§ Data supplied
#####

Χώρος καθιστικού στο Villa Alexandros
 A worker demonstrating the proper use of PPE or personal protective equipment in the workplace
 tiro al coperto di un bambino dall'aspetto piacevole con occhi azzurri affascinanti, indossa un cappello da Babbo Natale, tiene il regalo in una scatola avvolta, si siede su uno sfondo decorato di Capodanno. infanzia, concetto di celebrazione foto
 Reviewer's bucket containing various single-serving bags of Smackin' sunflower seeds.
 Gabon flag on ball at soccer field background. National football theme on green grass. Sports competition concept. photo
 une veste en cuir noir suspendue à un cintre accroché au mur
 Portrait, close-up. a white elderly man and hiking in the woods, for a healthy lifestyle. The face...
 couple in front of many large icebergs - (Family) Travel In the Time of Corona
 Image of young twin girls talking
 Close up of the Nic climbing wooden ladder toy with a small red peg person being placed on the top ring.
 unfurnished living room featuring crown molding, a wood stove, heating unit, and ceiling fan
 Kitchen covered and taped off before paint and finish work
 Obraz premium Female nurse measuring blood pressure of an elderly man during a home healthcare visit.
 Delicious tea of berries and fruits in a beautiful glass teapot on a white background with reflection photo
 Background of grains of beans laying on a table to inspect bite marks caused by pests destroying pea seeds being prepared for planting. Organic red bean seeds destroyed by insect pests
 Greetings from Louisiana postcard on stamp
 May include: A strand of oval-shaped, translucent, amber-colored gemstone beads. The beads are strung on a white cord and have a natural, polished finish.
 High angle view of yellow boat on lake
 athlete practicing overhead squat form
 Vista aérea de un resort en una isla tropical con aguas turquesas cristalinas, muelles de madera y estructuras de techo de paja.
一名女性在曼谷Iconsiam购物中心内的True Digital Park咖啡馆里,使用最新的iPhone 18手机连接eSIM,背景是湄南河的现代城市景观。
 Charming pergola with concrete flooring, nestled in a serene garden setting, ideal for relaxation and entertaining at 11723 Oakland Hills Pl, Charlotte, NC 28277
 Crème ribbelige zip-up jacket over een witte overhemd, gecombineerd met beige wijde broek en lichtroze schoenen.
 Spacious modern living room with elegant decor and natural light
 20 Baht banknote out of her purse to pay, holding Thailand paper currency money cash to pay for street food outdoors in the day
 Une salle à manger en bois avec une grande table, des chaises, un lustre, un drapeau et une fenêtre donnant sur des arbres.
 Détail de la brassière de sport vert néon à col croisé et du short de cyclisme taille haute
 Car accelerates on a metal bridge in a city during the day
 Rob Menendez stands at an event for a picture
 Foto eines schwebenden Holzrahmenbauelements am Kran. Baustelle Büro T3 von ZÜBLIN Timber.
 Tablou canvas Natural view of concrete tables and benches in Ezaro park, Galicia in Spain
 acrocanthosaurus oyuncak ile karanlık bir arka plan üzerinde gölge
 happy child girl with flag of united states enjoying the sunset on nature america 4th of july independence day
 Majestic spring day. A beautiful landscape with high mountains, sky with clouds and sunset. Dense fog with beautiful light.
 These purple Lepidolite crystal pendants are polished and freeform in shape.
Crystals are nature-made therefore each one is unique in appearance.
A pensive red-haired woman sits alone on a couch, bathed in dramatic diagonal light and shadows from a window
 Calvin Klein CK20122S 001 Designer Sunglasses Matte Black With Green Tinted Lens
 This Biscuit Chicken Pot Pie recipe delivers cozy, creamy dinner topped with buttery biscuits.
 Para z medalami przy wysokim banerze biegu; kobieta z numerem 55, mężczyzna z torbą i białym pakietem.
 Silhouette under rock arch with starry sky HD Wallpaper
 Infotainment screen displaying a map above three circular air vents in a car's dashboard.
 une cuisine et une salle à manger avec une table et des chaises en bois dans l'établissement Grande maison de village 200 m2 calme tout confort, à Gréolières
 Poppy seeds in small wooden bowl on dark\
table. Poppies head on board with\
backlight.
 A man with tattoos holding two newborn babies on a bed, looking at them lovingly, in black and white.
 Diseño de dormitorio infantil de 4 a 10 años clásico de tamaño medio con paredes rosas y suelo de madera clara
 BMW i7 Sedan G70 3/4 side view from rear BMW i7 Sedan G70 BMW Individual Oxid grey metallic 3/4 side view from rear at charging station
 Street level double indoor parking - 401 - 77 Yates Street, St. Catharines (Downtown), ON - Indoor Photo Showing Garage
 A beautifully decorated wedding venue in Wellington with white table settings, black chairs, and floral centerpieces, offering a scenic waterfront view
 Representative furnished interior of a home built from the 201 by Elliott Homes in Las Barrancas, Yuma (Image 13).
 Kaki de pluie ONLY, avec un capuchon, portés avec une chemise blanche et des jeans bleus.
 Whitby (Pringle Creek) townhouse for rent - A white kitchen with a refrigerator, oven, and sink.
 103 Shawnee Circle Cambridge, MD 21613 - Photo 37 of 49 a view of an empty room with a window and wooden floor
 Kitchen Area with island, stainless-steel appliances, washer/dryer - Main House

#####

§ What the exercise asks
Looking at the data above, return every line from the one with "Tablou canvas Natural" down to the one with "Majestic spring day.", exactly and inclusively.

§ Written response
 Tablou canvas Natural view of concrete tables and benches in Ezaro park, Galicia in Spain
 acrocanthosaurus oyuncak ile karanlık bir arka plan üzerinde gölge
 happy child girl with flag of united states enjoying the sunset on nature america 4th of july independence day
 Majestic spring day. A beautiful landscape with high mountains, sky with clouds and sunset. Dense fog with beautiful light.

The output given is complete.